AJ Burt, another swimmer who has said in news stories that he competed against Brock in High School, wrote an open letter on Facebook that has begun to garner some much deserved attention. AJ had reason to know the rapist’s character as he was bullied by him at swim meets. But in spite of Brock’s calling him a fag AJ stayed Facebook friends with him. Although Brock’s account has been deactivated, AJ is hoping that he has the opportunity to read this letter. Whether or not he does, and we have seen no reason to think that it will make any difference to Brock, the rest of us can read it, and share it, and make sure that AJ’s hope for the good that could come out of this case is not in vain.
This letter was really written for all of us. Because AJ begins by saying that he is addressing it to Brock and to “all of the people who may still be struggling for language at the moment.” I know that includes me, and I’m guessing it includes you too.
He goes on to say that the swimming community stands with the victim and is saddened by the negative attention that this case has brought to the sport. He notes that no one, not even the rapist’s father, believes that he is innocent regardless of the “dainty, slap-on-the-wrist of a sentence” that was handed down.

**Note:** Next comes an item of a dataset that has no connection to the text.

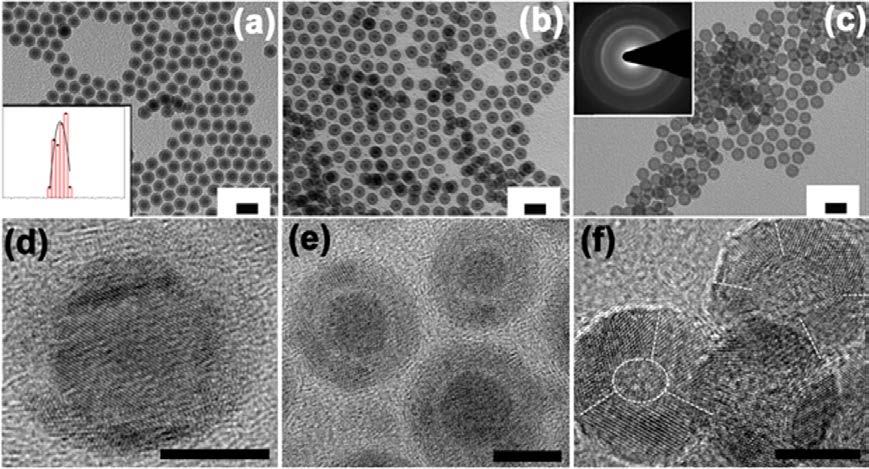 Further high resolution TEM imaging (HRTEM) shows that the particles are composed of randomly oriented grains of iron-oxide.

When he begins to talk about Brock’s swimming record and the affluent privilege you might expect what you have heard and read in so many other stories—how this case would have gone differently for the rapist if he had been a person of color, or his parents less wealthy, or his school less prestigious, or his abilities less note-worthy. But that isn’t where this wise young man is taking the conversation.
What AJ wants the rapist, his victim, and all of us to know is that it is because of the inarguable verdict, because of the “dainty, slap-on-the-wrist of a sentence,” because of the glorification of a white, male athlete at a prestigious school, the media coverage has been far more comprehensive than it otherwise has been. And because of that, AJ says to Brock, “you have actualized conversation about sexual assault because you had a future.”
In that conversation AJ believes this rapist and his victim have given a voice to others who have been sexually assaulted and abused. “You and your victim have personified rape so that people know this is real shit that we cannot let flutter away like whispers in the night any longer.”
If this case, and people like AJ who can see the gift that we have been offered to share our voices—not only those who have been the victim of this crime but those who would see this crime recognized and treated as the crime it is—will keep the conversation going, will break through their fears and programming to be honest about what it means when one person robs another of their right to give or deny consent, then it is just possible that there will be far fewer stories for victims to tell.